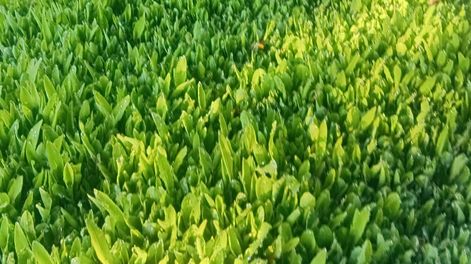Los Andes | hidroponia en Mendoza  hidropónica cultivo bajo techo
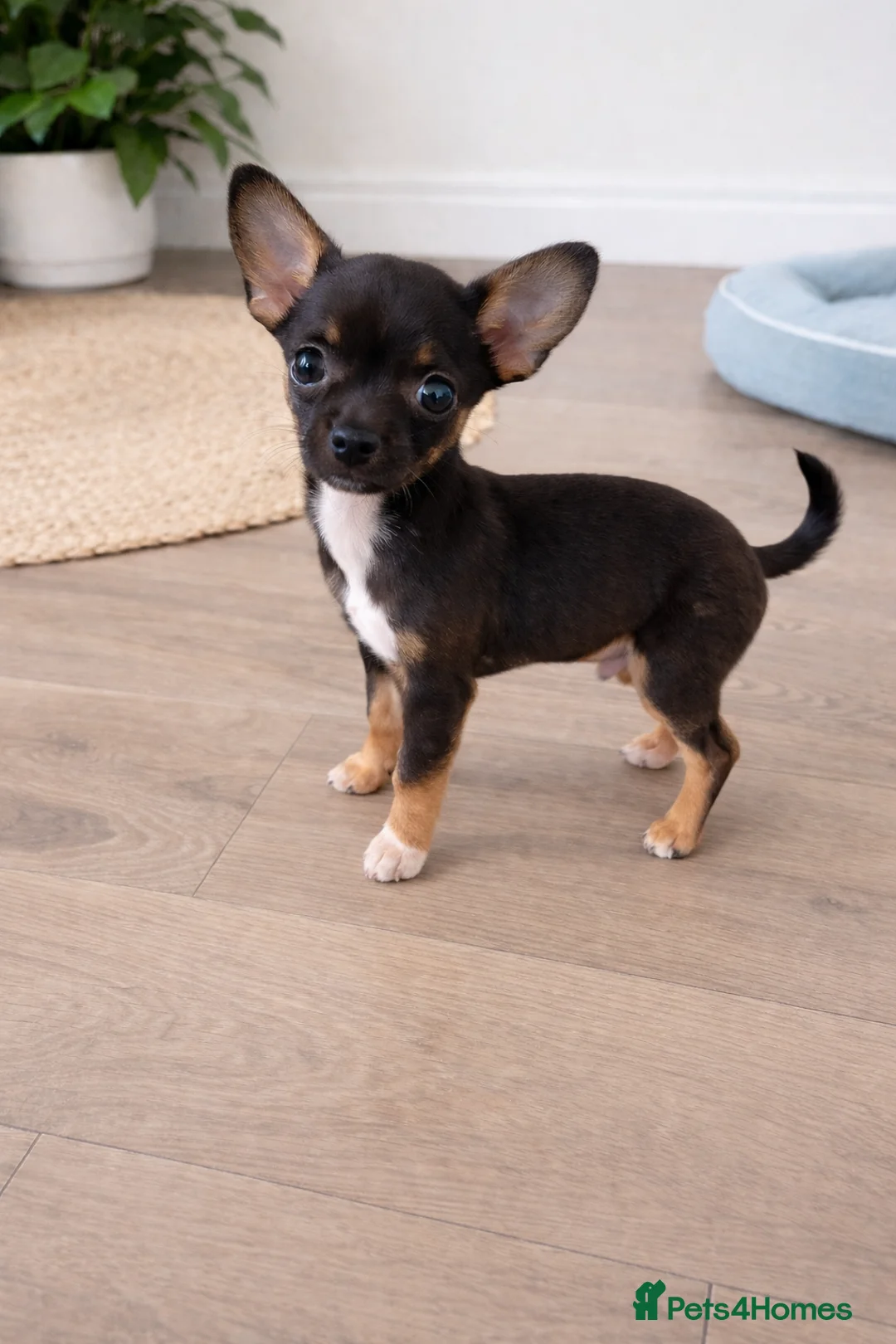 Chihuahua dogs for sale: Prince is a beautiful chihuahua very tiny - Advert 1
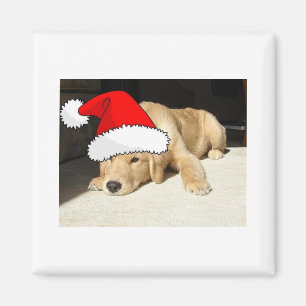 Golden Retriever Christmas Puppy Magnet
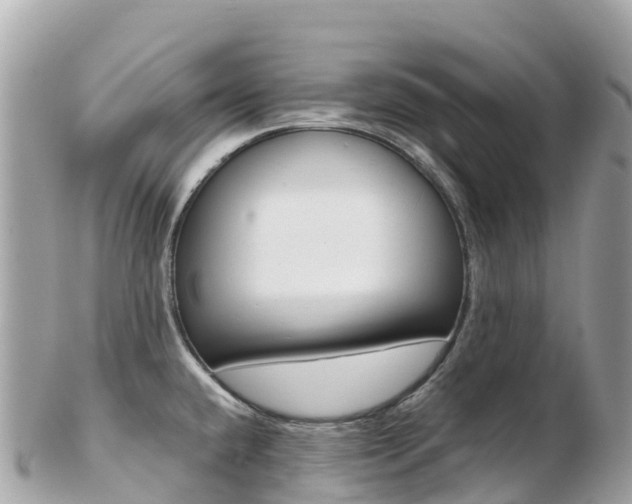 X0000103311432200808291143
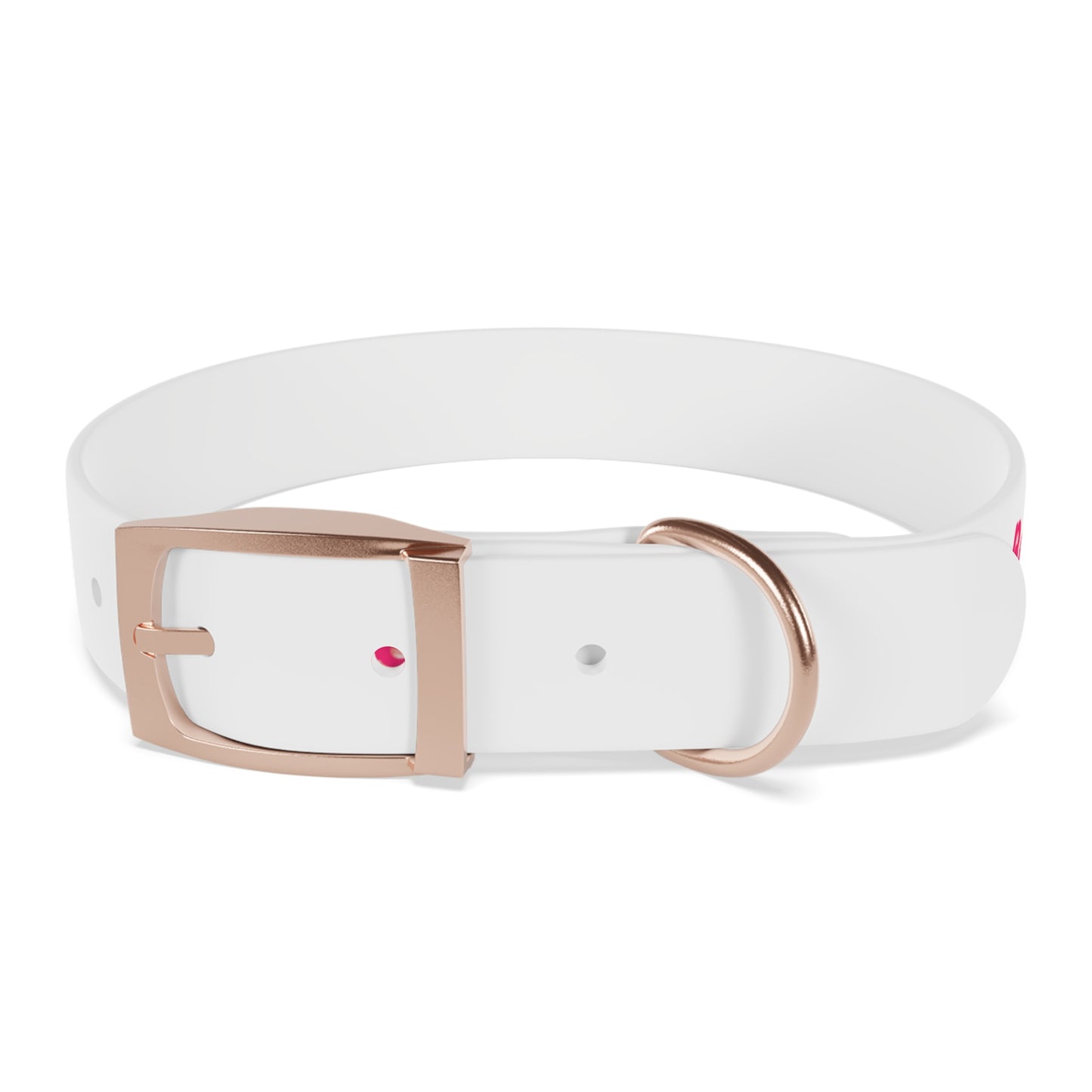 Bougie Betch Dog Collar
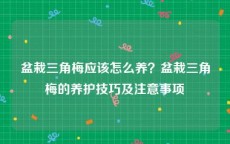 盆栽三角梅应该怎么养？盆栽三角梅的养护技巧及注意事项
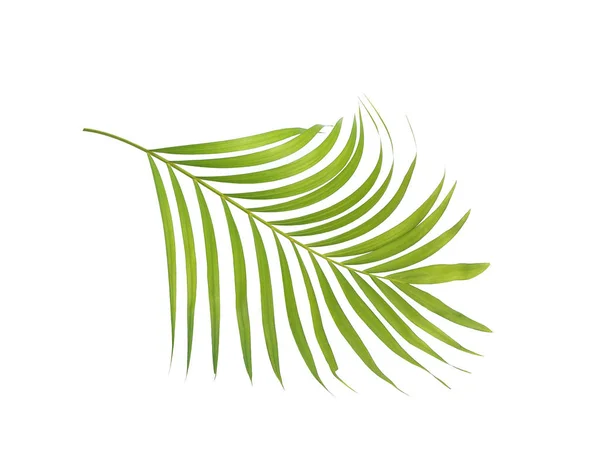 Folha verde de palmeira isolada sobre fundo branco — Fotografia de Stock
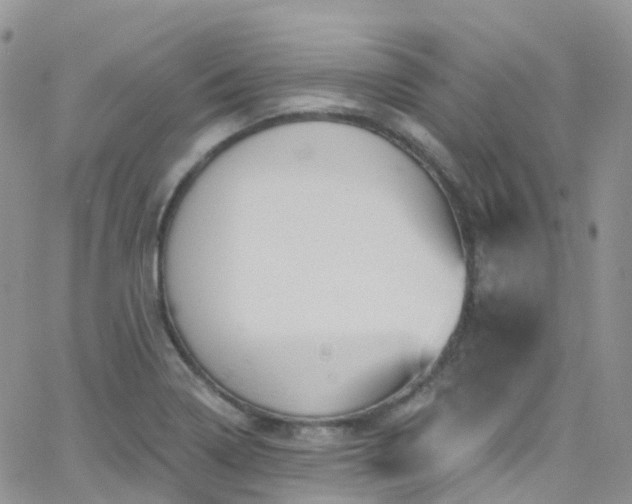 X0000066091322200603171045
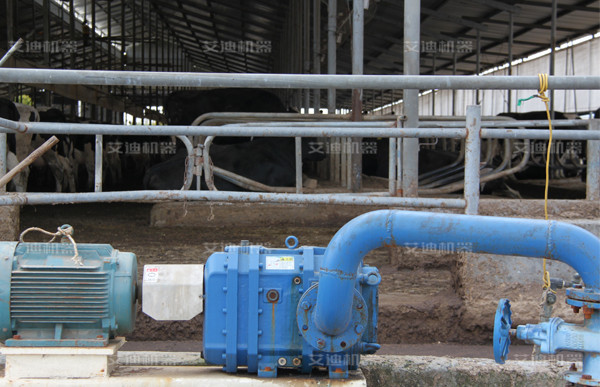 糞便泵牛場(chǎng)使用現(xiàn)場(chǎng)見(jiàn)證.jpg 糞便泵牛場(chǎng)使用現(xiàn)場(chǎng)見(jiàn)證.jpg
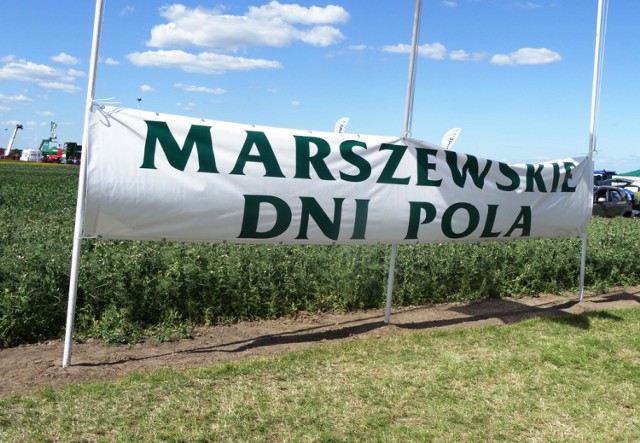 Marszewskie Dni Pola: Mnóstwo atrakcji podczas Marszewskich Dni Pola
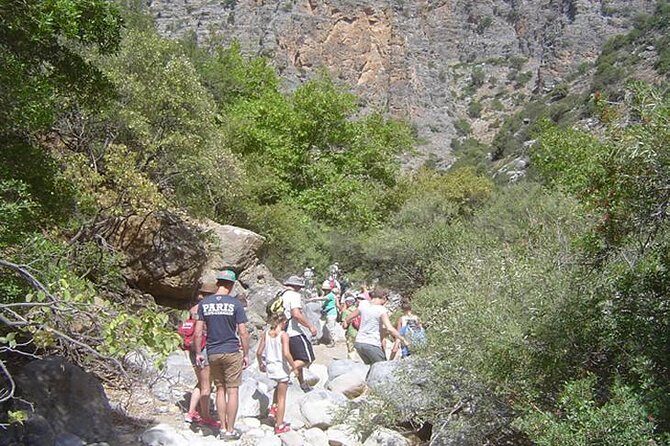 PRIVATE Hiking Walking GORGE nearby Hersonissos CRETE - Wildlife and Plant Talk: What Your Guide Points Out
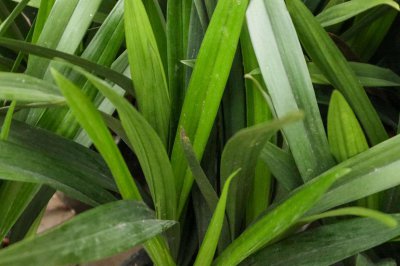 ​兰花春天怎么养护，可以换土吗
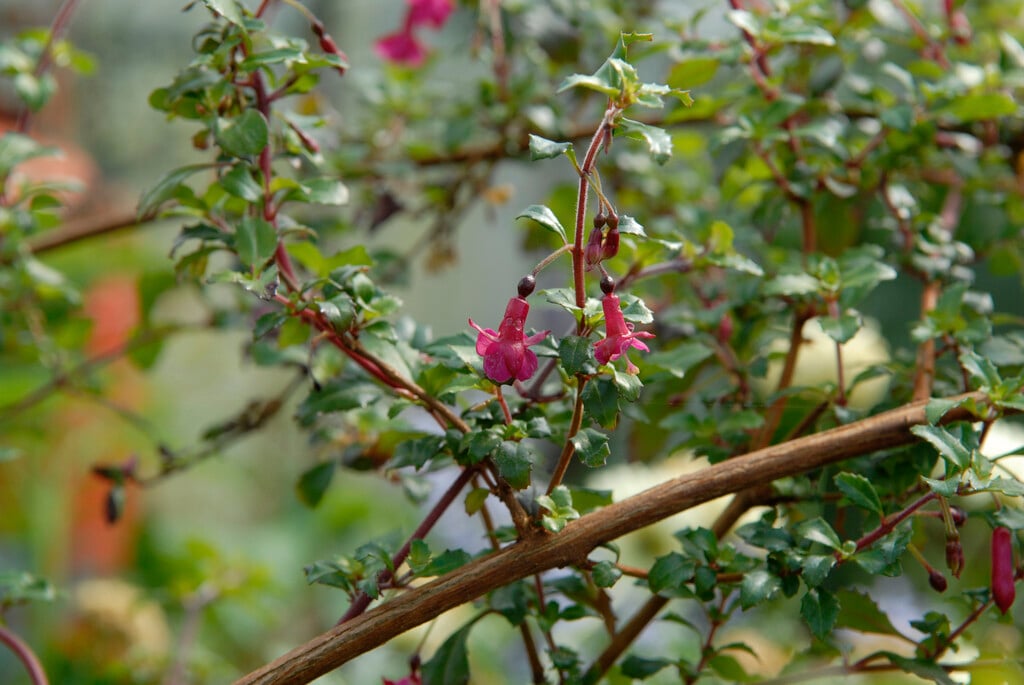 fuchsia 'Reflexa'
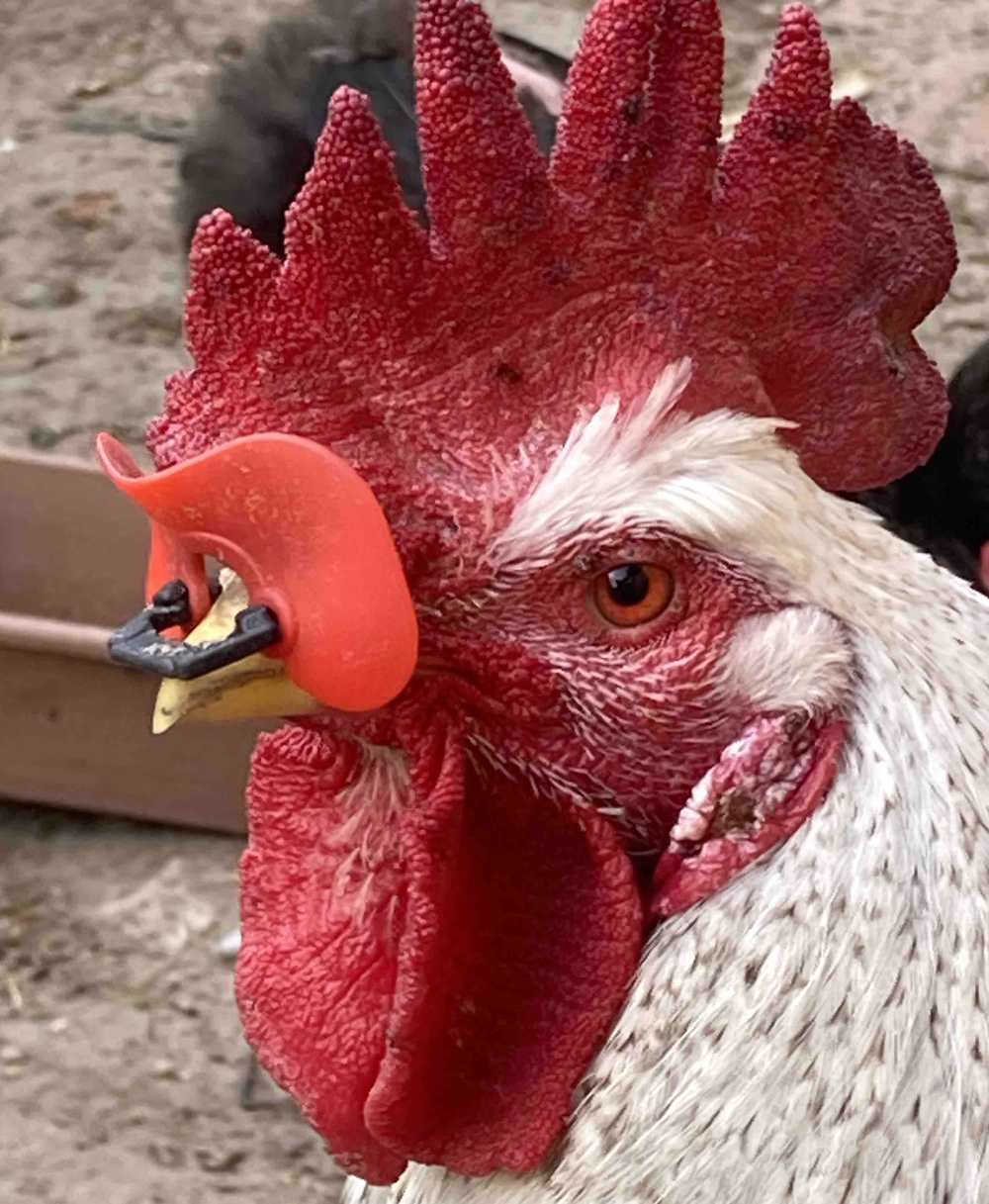 Очки для фазанов и кур мягкие, 60х37 мм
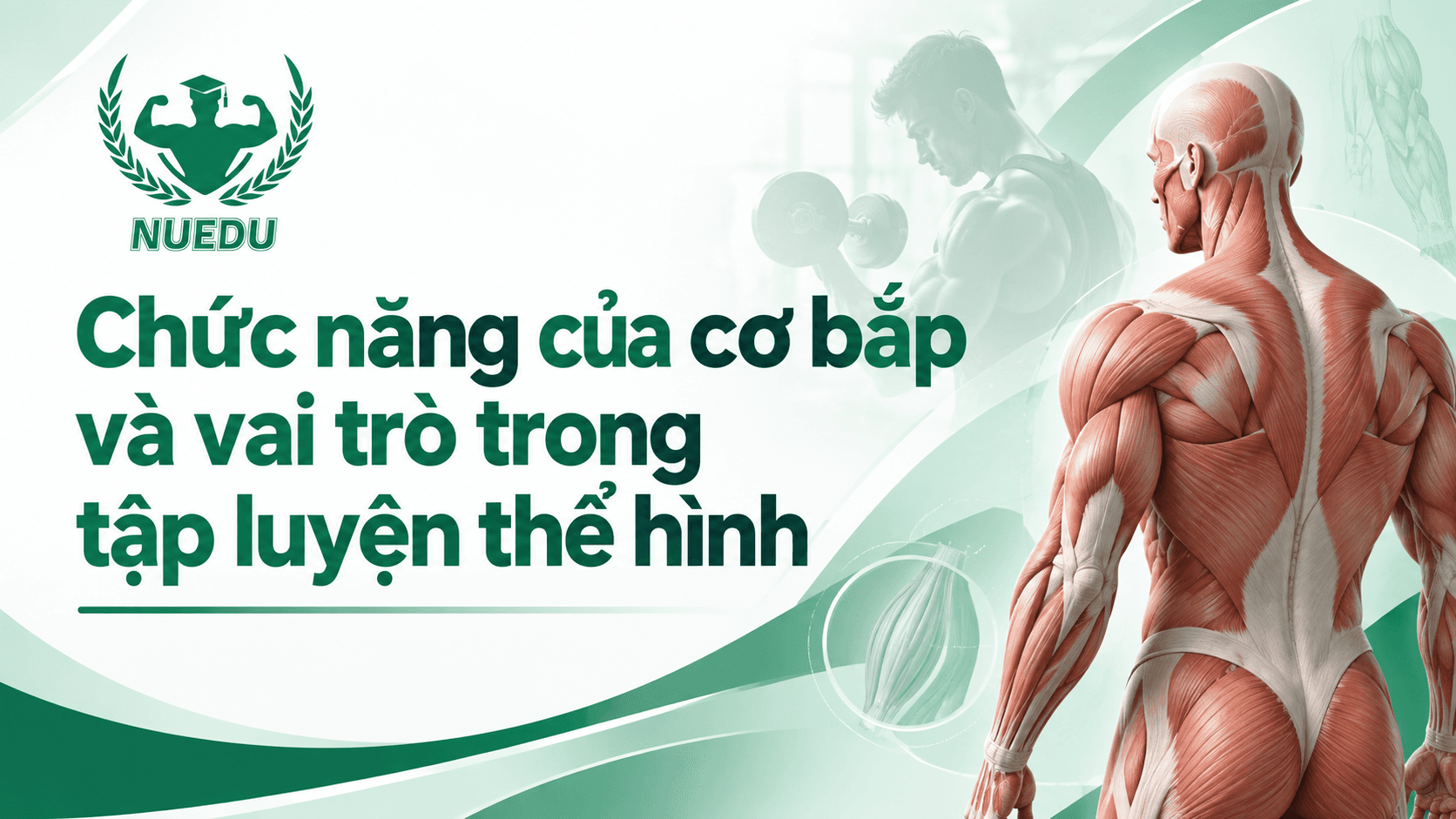 Chức năng của cơ bắp và vai trò trong tập luyện thể hình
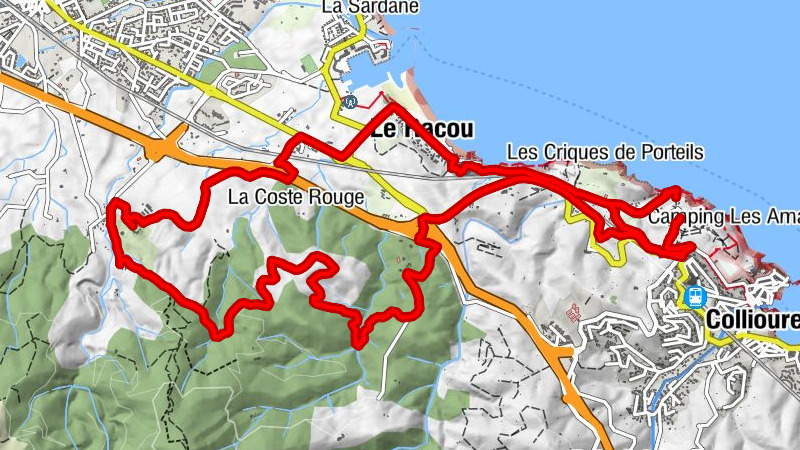 Carte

● ACTION ITEM: Starting at the line that contains "X0000066091322200603171045" and ending at the final line of the data, reproduce each line exactly. Pictures stay out of the copy.

● SOLUTION FOR THIS EXERCISE:
 X0000066091322200603171045
 糞便泵牛場(chǎng)使用現(xiàn)場(chǎng)見(jiàn)證.jpg 糞便泵牛場(chǎng)使用現(xiàn)場(chǎng)見(jiàn)證.jpg
 Marszewskie Dni Pola: Mnóstwo atrakcji podczas Marszewskich Dni Pola
 PRIVATE Hiking Walking GORGE nearby Hersonissos CRETE - Wildlife and Plant Talk: What Your Guide Points Out
 ​兰花春天怎么养护，可以换土吗
 fuchsia 'Reflexa'
 Очки для фазанов и кур мягкие, 60х37 мм
 Chức năng của cơ bắp và vai trò trong tập luyện thể hình
 Carte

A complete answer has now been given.